Es una mañana de noviembre y tengo que marchar. M. se levanta de la cama y camina por la casa. Cada mañana, sale del sueño envuelto en silencios. M. lleva una crisálida y calla. Hoy se sienta a la mesa y abre su ordenador. Selecciona música. Reclina la cabeza sobre su brazo y queda tranquilo. Parece que duerme. Lo observo desde el cuarto oscuro. Sé que se aleja otra vez. Va desnudo, sentado en su vieja silla de madera. Solo el adagio de Bruckner se abre entre nosotros. Las cuerdas son eco de una vida que intentamos desentrañar. Mientras, un rey triste se sumerge en un lago sombrío.

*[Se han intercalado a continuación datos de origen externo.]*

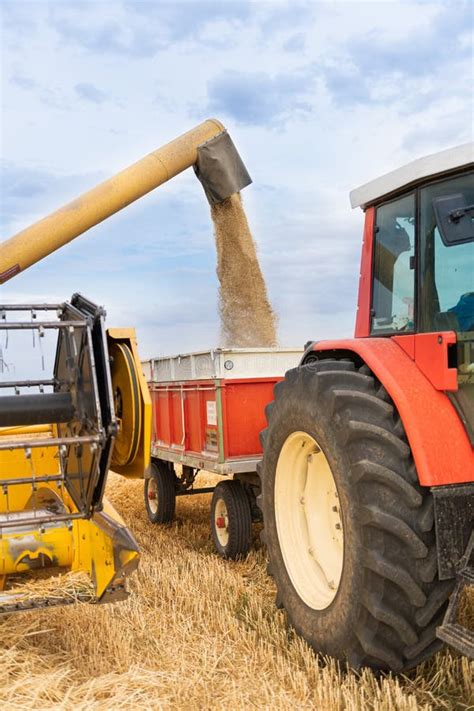 Wheat Mower Working In The Field During Harvest Stock Photo Image Of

Una vez soñé que caminábamos por un viejo jardín. Entre nosotros, por el camino, se extendía antiguos escaramujos; en ellos habían tejido sus hilos las arañas. M. sabe que, a pesar del seto, vamos. Veo sus ojos entre las hojas oscuras, de las rosas sin pétalos, y cubiertas de hilos de plata. Sus ojos me dan paz. Los ojos de M. guardan un misterio insondable, como si ya hubieran contemplado el secreto de la vida, el final de los caminos.
El final. Mi cámara atrapa a M. en su ausencia y me marcho. La ciudad se hace pequeña, y yo lo echo de menos. Desde lejos, M. me hace señas, para que no olvide, para que lo siga. El adagio se deshace. Noviembre comienza apenas.